Straight-Up: It’s All About Love, But It’s Not What You Think.

Part Four of a Straight-Up Conversation With Young People

By Jennifer Hartline Published on May 28, 2017

[Editor’s note: This is part four of Jennifer’s Straight-Up series. Be sure to read parts one, two and three, if you missed them.]

Such a sweet little word, love. Used every day, by just about every person on the planet, in some way. I love chocolate. I love coffee. I love that dress, those flowers, that song, etc. And of course, I love my husband and my children.

So does love really have so many different meanings? Is it merely affection for something or someone, or a preference for something? Is it an attraction to something or someone? Is love always about good feelings, excitement, pleasure and satisfaction?

If you’ve taken your cues from Hollywood, then you’re probably inclined to say yes, love should always bring with it those wonderful feelings, the thrill and excitement, and the attraction. The flip side of love, as the sad songs tell us, is heartbreak, loneliness, pain and bitterness.

If that’s what you know, then you don’t know love.

What’s Love Really About?

Love is an act of the will. Love is not a passive thing that happens to you. Love is always something concrete that you do.

The present Age of Feelings would have you believe that love is about feelings; indeed, that love is a feeling. So let’s dispense with that nonsense right now.
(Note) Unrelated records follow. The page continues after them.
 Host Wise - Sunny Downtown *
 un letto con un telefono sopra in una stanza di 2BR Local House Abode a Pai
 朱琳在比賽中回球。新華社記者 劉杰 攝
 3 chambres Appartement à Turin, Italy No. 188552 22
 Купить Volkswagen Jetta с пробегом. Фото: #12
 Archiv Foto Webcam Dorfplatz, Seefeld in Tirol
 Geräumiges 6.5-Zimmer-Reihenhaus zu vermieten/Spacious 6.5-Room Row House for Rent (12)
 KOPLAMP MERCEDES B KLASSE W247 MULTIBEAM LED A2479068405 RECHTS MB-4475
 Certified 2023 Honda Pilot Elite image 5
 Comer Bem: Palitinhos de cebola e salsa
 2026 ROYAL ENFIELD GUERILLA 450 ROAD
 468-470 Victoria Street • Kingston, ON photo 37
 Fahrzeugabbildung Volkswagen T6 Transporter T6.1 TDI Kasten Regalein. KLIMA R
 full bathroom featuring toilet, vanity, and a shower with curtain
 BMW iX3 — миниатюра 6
Love is a choice. Love is not a feeling.

You feel compelled to get a tattoo? Put that on your arm: Love is a Choice, not a Feeling. Make it big and bold, not scripty and flowery, cause this is serious.

This is me (lovingly!) pounding this fact into your head: Love is a Choice. Not a Feeling.

Love often does bring with it those wonderful, powerful feelings — and that’s something to cherish and enjoy. But feelings can also be fickle and fleeting. Real love is neither.

Love is a Choice

Love is an act of the will. Love is not a passive thing that happens to you. Love is always something concrete that you do.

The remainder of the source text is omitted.